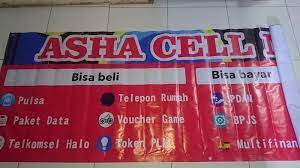 Untuk diketahui, harga emas di indonesia dipengaruhi oleh beberapa faktor, di antaranya kurs rupiah, permintaan atas emas, tingkat suku bunga, tingkat inflasi, harga minyak dan tentunya isu ekonomi. Harga Banner Per Meter Bahan Frontlite 280gr Untuk Outdoor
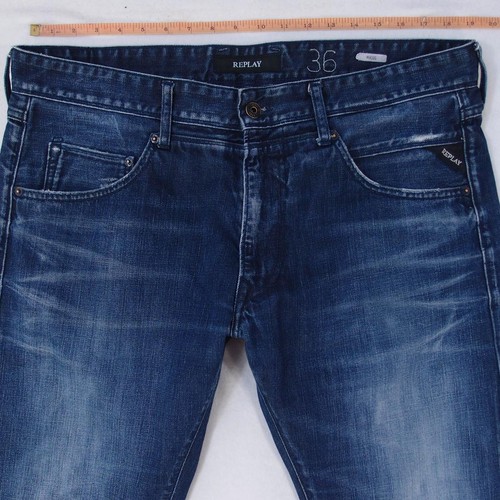 Hommes replay ma919 masig - ma919,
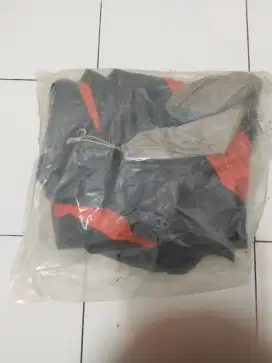 Jual tanda buat kamping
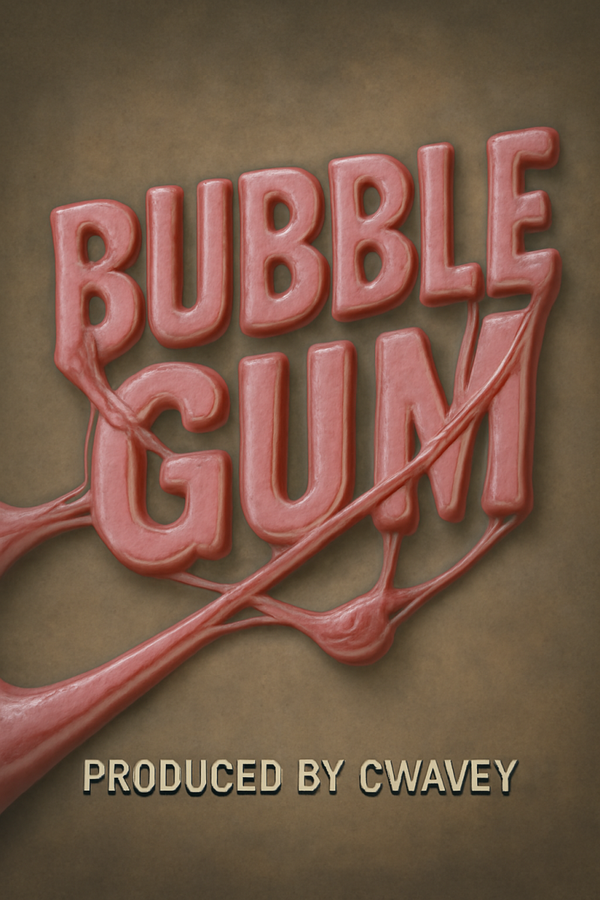 Bubble Gum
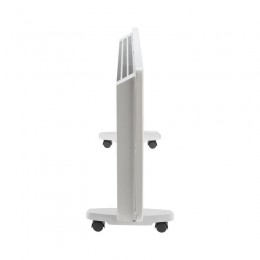 Конвектор электрический с механическим термостатом 2кВт СТИЧ-нагревательный элемент Rexant 60-0095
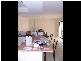 29 Brightlands Circuit, Carramar WA 6031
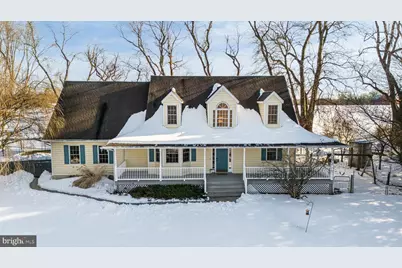 1225 W Baltimore Pike, West Grove, PA 19390 - Photo 60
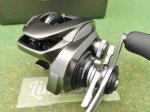 Photo5: Shimano 20 Metanium 6.2L [5070] (5)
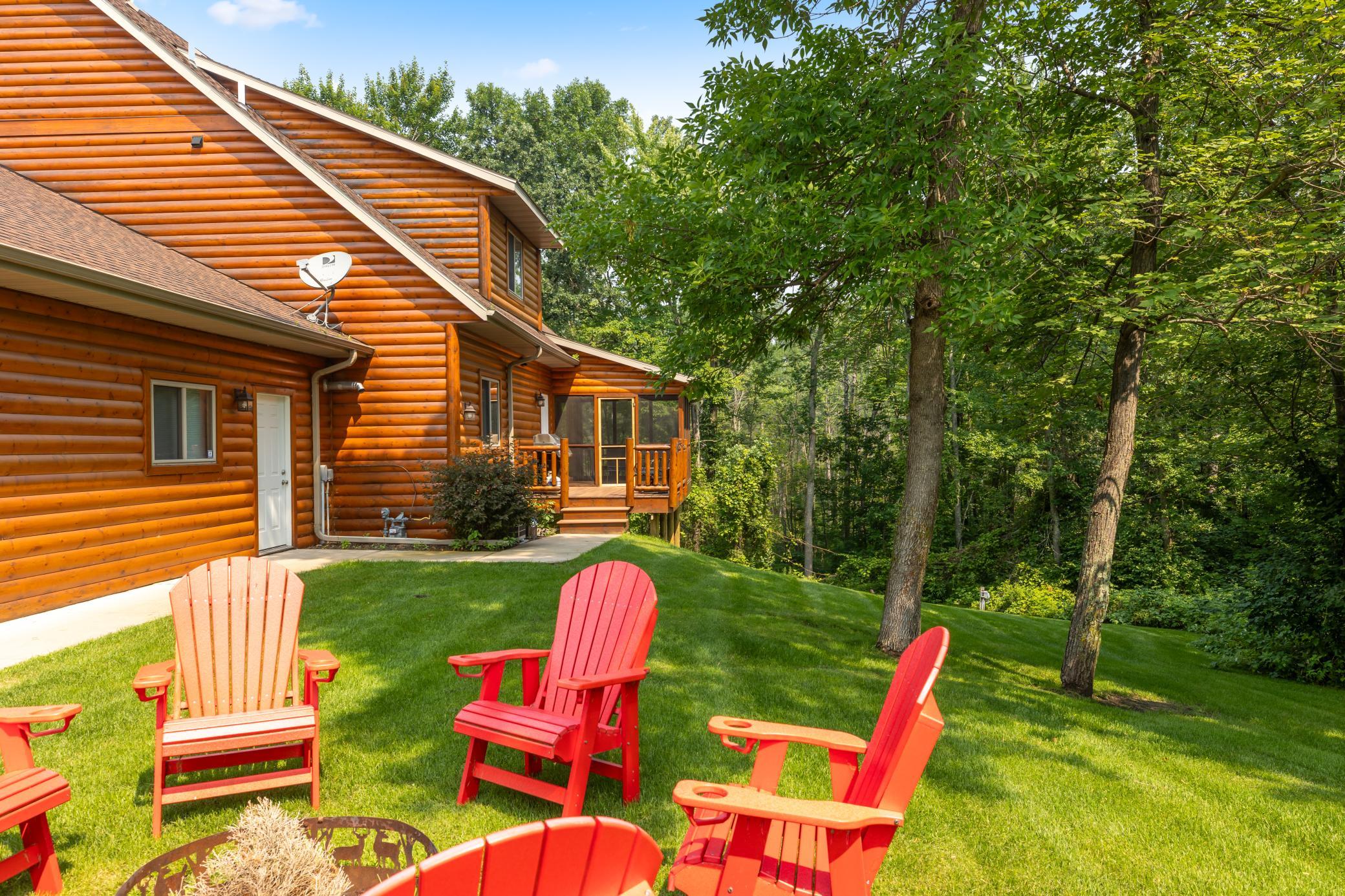 View of Residential at 5544 White Pine Drive #10, Pequot Lakes MN 56472, Pequot Lakes (39 of 59) - Mike Wilen | Minnesota Team Real Estate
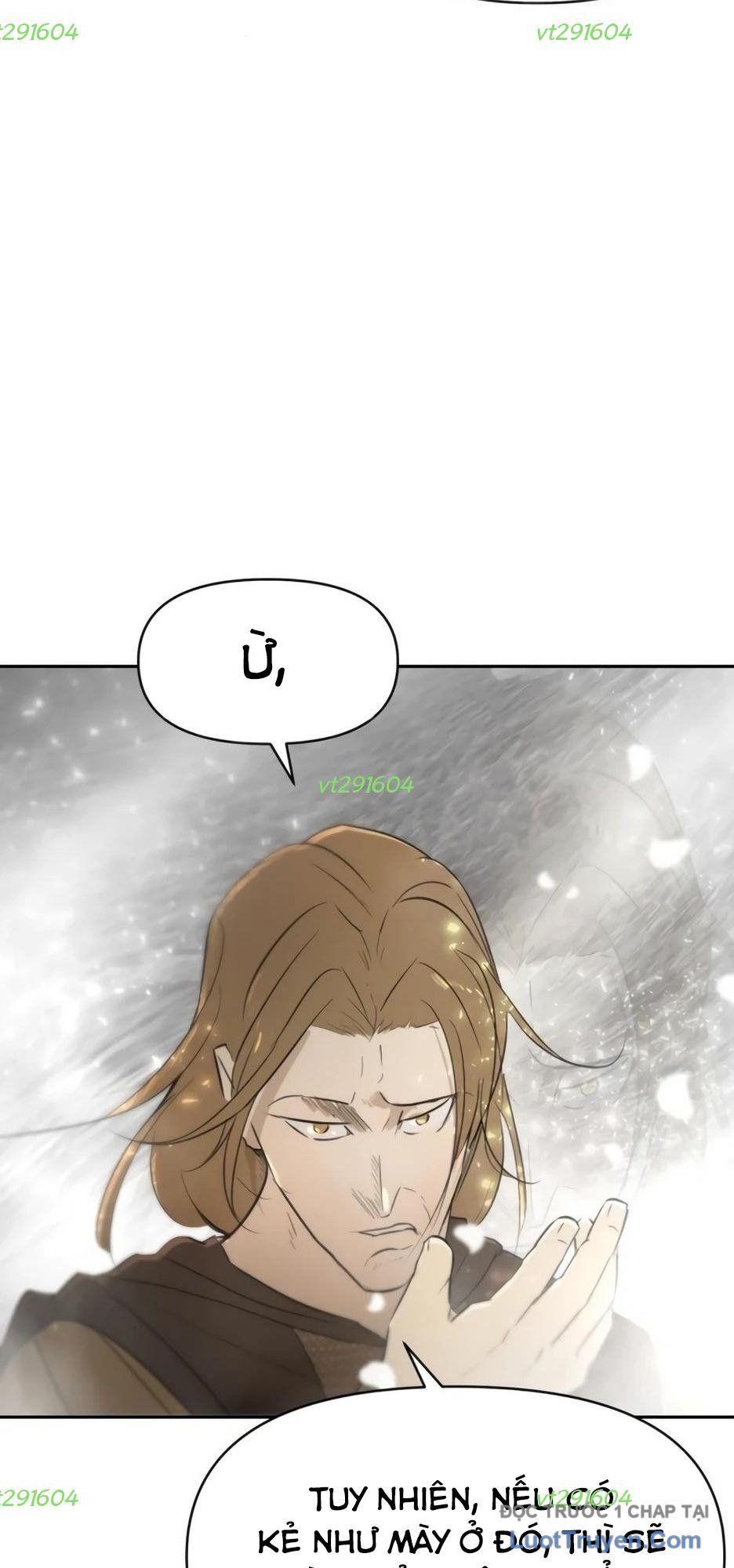 Bộ Mặt Giả Tạo Chapter 23 - 50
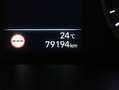 Hyundai TUCSON 1.6 T-GDI N-Line | Automaat | Navigatie | Camera | Wit - thumbnail 4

== == ==

* **TO DO**:
The task requires that every line above be transcribed exactly, without the images.

* **ANSWER AREA**:
 Untuk diketahui, harga emas di indonesia dipengaruhi oleh beberapa faktor, di antaranya kurs rupiah, permintaan atas emas, tingkat suku bunga, tingkat inflasi, harga minyak dan tentunya isu ekonomi. Harga Banner Per Meter Bahan Frontlite 280gr Untuk Outdoor
 Hommes replay ma919 masig - ma919,
 Jual tanda buat kamping
 Bubble Gum
 Конвектор электрический с механическим термостатом 2кВт СТИЧ-нагревательный элемент Rexant 60-0095
 29 Brightlands Circuit, Carramar WA 6031
 1225 W Baltimore Pike, West Grove, PA 19390 - Photo 60
 Photo5: Shimano 20 Metanium 6.2L [5070] (5)
 View of Residential at 5544 White Pine Drive #10, Pequot Lakes MN 56472, Pequot Lakes (39 of 59) - Mike Wilen | Minnesota Team Real Estate
 Bộ Mặt Giả Tạo Chapter 23 - 50
 Hyundai TUCSON 1.6 T-GDI N-Line | Automaat | Navigatie | Camera | Wit - thumbnail 4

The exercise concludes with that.